Originally Posted by
hagivn
Why _ood of food is pronounced u: and _ood of good is pronounced ʊ?
I'll try to say something about the origin of this difference. My knowledge is limited, so all I can offer is an outline.
The spelling of "food", "good" and "blood" reflects their pronunciation in Middle English, which was /fo:d/, /go:d/ and /blo:d/ respectively. The Great Vowel Shift changed them to /fu:d/, /gu:d/ and /blu:d/. Then splittling started. For some reason, which I don't know, English speakers started to shorten the vowel in some of the "oo" words, but not all. "Food" and "mood" are among those which remained the same; "good", "blood", "flood" are examples of those which changed.
However, the change didn't occur at the same time for all of them. "Blood" and "flood" became /blʊd/ and /flʊd/ earlier than "good" became /gʊd/. Because of that "blood" and "flood" were there when the so-called foot-strut split started.
The foot-strut split was (and still is) about changing /ʊ/ to /ʌ/ in some words. (The history of this split is more complex than that, but it's rather irrelevant here.) For example, "cut", which was pronounuced /kʊt/, became /kʌt/. Again, this didn't occur for all words. "Put", for example, is still /pʊt/. But it did happen to "blood" and "flood" which were, as I said, /blʊd/ and /flʊd/ at that point. The foot-strut split changed them to /blʌd/ and /flʌd/.

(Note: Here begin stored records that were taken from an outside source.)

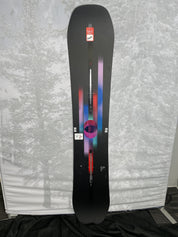 Lightly Used 2025 Burton Feel Good 149cm Snowboard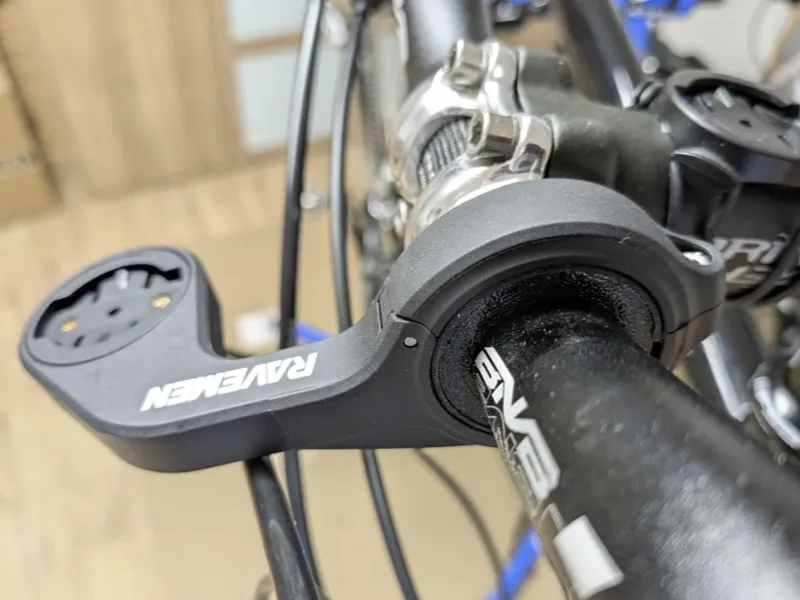 Spacer for bicycle handlebar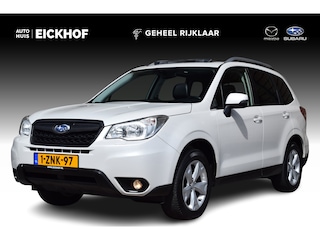 Subaru Forester 2.0 Executive - Afneembare trekhaak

But, at the time the foot-strut split was happening, "good" was still /gu:d/, so the split didn't affect it. Later however, "good" underwent the change "blood" and "flood" had undergone earlier, and became /gʊd/, but it was too late for catching the foot-strut train and becoming /gʌd/.
Interestingly, in Northern English and in the Midlands, the foot-strut split never occured (even though it's present in Scotland!), and so "good", "blood" and "flood" have the same vowel /ʊ/ in those accents.